2016年9月29日
何ゆえ、英国人の名前には同じものが多いんですの?
愛するお父様へ
今年は夏目漱石の没後100年ということで、日本ではさまざまなイベントや展覧会、書籍の出版などが相次いでいるようですね。実はロンドンには、夏目漱石が留学していた頃に住んでいらした家が今も残っており、日本人初となる「ブループラーク」も飾られています。先日、その家の向かいにある漱石記念館が閉館すると耳にし、慌てて足を運んでまいりました。
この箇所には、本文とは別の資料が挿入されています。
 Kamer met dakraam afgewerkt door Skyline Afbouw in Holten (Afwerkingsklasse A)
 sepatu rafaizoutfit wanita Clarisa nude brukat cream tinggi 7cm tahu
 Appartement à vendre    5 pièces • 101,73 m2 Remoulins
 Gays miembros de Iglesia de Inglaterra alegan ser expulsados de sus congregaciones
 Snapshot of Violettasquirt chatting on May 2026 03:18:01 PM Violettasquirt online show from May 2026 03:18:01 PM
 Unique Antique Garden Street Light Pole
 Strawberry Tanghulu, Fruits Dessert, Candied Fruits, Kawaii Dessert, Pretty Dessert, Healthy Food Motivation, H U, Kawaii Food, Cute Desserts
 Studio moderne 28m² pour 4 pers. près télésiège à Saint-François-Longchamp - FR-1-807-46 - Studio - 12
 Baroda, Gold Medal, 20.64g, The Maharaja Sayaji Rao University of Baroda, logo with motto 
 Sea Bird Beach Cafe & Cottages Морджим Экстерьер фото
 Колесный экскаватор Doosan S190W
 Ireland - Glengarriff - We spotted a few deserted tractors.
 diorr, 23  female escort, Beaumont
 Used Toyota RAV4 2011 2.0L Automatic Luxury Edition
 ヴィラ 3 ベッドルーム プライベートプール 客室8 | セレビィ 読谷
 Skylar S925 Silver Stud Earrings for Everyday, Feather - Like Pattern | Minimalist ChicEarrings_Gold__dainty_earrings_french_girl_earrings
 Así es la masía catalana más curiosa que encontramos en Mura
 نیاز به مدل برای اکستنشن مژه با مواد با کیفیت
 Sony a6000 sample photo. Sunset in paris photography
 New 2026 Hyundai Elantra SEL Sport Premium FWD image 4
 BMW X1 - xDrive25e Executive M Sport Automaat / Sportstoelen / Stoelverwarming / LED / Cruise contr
偉大な文豪を身近に感じて感動したのですが、漱石がかつて暮らしていた家は外観の修復作業中だったようで、工事用の足場が組まれていたのが残念でした…。
さて本日も、日本と英国の違いをまたひとつ発見いたしましたので、ご報告いたします。
英国人の方と初めてお会いする際、時折困惑してしまうのがファーストネームです。わたくしの周りでは、男性ならジョージ、デイヴィッド、クリス、女性ならメアリー、ジェーンなど、同じ名前の知人・友人が数人おられます。なんと父親と息子が同じ名前というケースもあったのです! 英国人のファーストネームは、日本人よりも種類が少ないように思うのですが、一体なぜ似た名前の人が多いのでしょう? 好奇心がわき、調べてみることにいたしました。
資料をあたりましたところ、どうやら英国人のファーストネームの多くが、キリスト教の聖人の名前にちなんでいることがわかりました。聖人とは「キリスト教徒の模範となるべき偉大な信者」のことで、命がけで信仰を貫き、清らかなる一生を送って天国へ召された人物に与えられる、敬意を込めた「称号」です。ヴァチカン教皇庁の審査団による数々の厳しい審査を通った人物だけが聖人への列席を認められるそうで、現在もこの聖人は増え続けているのだとか。もっとも最近に聖人に認定されたのは、インドで病や貧困に苦しむ人々の救済活動に生涯をささげた女性、マザー・テレサです。1997年の死去以降、ずっと審査が続けられていたとのことで、今年の9月4日に認定式典が行われています。
こうして生まれた尊い聖人たちにあやかろうと、キリスト教を信仰する人々は、聖人と同じ名前を子どものファーストネームに選ぶようになりました。とくに英国で人気があったのは、英国を守る4人の守護聖人で、聖ジョージ(イングランドの守護聖人)、聖アンドリュー(スコットランドの守護聖人)、聖デイヴィッド(ウェールズの守護聖人)、そして聖パトリック(アイルランドの守護聖人)です。ほかにも、12使徒と呼ばれるイエス・キリストの弟子の名前も好まれており、たとえば聖ジョン、聖ジェームズ、聖ピーター、聖フィリップ、聖トーマス…どれもとても馴染みのあるファーストネームですね。ちなみに、メアリーという名は聖母マリアを由来としています。
聖人の名前を頂くことは、キリスト教国において長年の習慣であったようですが、近ごろはテレビドラマの登場人物や人気歌手の名前を取り入れるなど、日本と同様にファーストネームもバラエティに富んできているようです。それでは今日はこのへんで。お母様にもよろしくお伝えくださいませませ。